UNCLAS SECTION 01 OF 04 HO CHI MINH CITY 000753

SENSITIVE
SIPDIS

STATE FOR EAP/MLS, DRLPRM/A AND PRM/ANE

E.O. 12958: N/A
TAGS: PGOV PHUM SOCI ECON VM
SUBJECT: EDUCATIONAL CHALLENGES FOR VIETNAM'S ETHNIC MINORITY
CHILDREN

REF: A) HCMC 517

HO CHI MIN 00000753 001.2 OF 004


1. (SBU) Summary: Despite the GVN's goal of ethnic minority
development in the Central Highlands, ethnic minorities continue
to lag behind their Kinh counterparts in education, and as a
result in almost every other economic enterprise.
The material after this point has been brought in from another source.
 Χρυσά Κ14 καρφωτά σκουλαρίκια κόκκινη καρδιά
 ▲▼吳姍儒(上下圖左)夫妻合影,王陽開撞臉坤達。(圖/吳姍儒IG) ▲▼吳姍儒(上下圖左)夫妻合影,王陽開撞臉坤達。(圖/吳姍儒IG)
Due to
cultural, historical, and pedagogical obstacles to educational
attainment, ethnic minorities begin their educational careers at
a distinct disadvantage to ethnic Vietnamese students and
continue to fall behind thereafter until, all too frequently,
they drop out entirely. While the GVN has instituted programs
to rectify this "education gap," those programs are hamstrung by
an ideological commitment to national unity at the expense of
learning outcomes as well as by an extreme scarcity of the human
resources that would be needed to implement major educational
reforms tailored to the unique needs of ethnic minorities.
While improving education for ethnic minorities represents an
enormous challenge, the stakes are high: if the GVN fails to
ameliorate the educational and thus economic marginalization of
ethnic minorities, past and present discontentment among the
minorities will almost certainly grow worse as they fall further
and further behind their ethnic Vietnamese neighbors. End
Summary.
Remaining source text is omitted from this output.